In the year 2000, 200 years after the first climb of the Grossglockner, the highest mountain in Austria, the Glocknerhaus Museum in Kals was established. The exhibition “Under the spell of the Grossglockner” is a modern display. Its many rooms explore the themes of nature and minerals, human life, and Austria’s highest mountain. The content ranges from the settlement of these remote valleys in the Eastern Alps in prehistoric times, to the history of ascent attempts of the Grossglockner, and the region’s emerging tourism industry.
The natural area of the region is shown on a walk-through map, accompanied by the presentation of wildlife such as groundhogs, ibex and other animals.
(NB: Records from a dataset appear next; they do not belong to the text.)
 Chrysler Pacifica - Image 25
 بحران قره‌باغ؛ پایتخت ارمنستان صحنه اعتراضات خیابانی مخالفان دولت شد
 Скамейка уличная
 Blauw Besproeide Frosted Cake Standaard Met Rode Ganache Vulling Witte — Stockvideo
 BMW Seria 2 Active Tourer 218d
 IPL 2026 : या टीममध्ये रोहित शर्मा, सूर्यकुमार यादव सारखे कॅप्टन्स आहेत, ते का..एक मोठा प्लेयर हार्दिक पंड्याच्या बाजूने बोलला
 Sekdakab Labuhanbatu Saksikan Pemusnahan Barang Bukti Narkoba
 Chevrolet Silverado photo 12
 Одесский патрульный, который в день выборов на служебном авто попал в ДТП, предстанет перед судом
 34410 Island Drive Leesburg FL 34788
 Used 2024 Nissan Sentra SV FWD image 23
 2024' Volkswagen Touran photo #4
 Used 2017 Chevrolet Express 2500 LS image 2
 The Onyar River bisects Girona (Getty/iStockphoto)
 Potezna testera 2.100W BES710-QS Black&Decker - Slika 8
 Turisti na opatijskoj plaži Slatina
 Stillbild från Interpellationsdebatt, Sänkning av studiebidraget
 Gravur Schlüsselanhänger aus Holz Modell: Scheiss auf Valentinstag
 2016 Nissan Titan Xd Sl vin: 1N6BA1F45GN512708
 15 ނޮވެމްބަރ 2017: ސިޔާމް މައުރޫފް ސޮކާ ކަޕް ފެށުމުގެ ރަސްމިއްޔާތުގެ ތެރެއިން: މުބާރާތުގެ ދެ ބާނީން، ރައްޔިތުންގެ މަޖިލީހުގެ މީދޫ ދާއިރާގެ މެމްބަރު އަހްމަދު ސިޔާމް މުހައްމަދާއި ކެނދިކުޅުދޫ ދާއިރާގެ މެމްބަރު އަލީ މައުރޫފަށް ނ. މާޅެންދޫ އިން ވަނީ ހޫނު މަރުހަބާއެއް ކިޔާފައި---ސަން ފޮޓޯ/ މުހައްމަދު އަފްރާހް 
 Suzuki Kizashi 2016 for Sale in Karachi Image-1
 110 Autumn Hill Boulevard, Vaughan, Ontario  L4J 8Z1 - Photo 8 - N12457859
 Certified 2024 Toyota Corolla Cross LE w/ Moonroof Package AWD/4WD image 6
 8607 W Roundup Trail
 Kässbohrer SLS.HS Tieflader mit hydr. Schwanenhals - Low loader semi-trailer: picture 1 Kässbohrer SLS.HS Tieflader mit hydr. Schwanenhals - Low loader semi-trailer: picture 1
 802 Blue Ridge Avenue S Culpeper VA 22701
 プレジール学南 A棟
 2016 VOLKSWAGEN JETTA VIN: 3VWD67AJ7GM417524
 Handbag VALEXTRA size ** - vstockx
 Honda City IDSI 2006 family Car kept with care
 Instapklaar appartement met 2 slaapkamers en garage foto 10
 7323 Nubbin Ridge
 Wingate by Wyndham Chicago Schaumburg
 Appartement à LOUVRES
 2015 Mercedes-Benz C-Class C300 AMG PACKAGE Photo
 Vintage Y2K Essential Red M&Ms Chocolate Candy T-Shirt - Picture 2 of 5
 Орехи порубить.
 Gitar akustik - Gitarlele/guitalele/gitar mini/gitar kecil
Another room is dedicated to people who have been influenced by this landscape and the harsh mountain climate. The hard agricultural work in the steep mountain meadows, the extremely harsh winters and the long time of seclusion have produced a number of religious and secular customs, which are also mentioned. Selected objects, such as fine handicrafts and useful tools, are evidence of the ingenuity of the local population. “The black mountain”, as Austria’s highest peak is called due to its dark rocks, also features strongly in the exhibition – in particular its geography and a history of ascent attempts.
Part of the exhibition is dedicated to mountaineering in the Eastern Alps, which has its roots in Kals. Since the mid-19th century, Kals mountain guides have enjoyed world renown for guiding scientists from the National Geographic Society in the Himalayas and Caucasus. The region’s mountain guides, the technique of mountaineering, the development of mountaineering and the construction of refuges round off the very appealing exhibition about the Grossglockner.
In the final room, unique and attractive minerals and crystals of all shapes and sizes, recovered from the Glocknerwand, are presented in an appealing and informative way.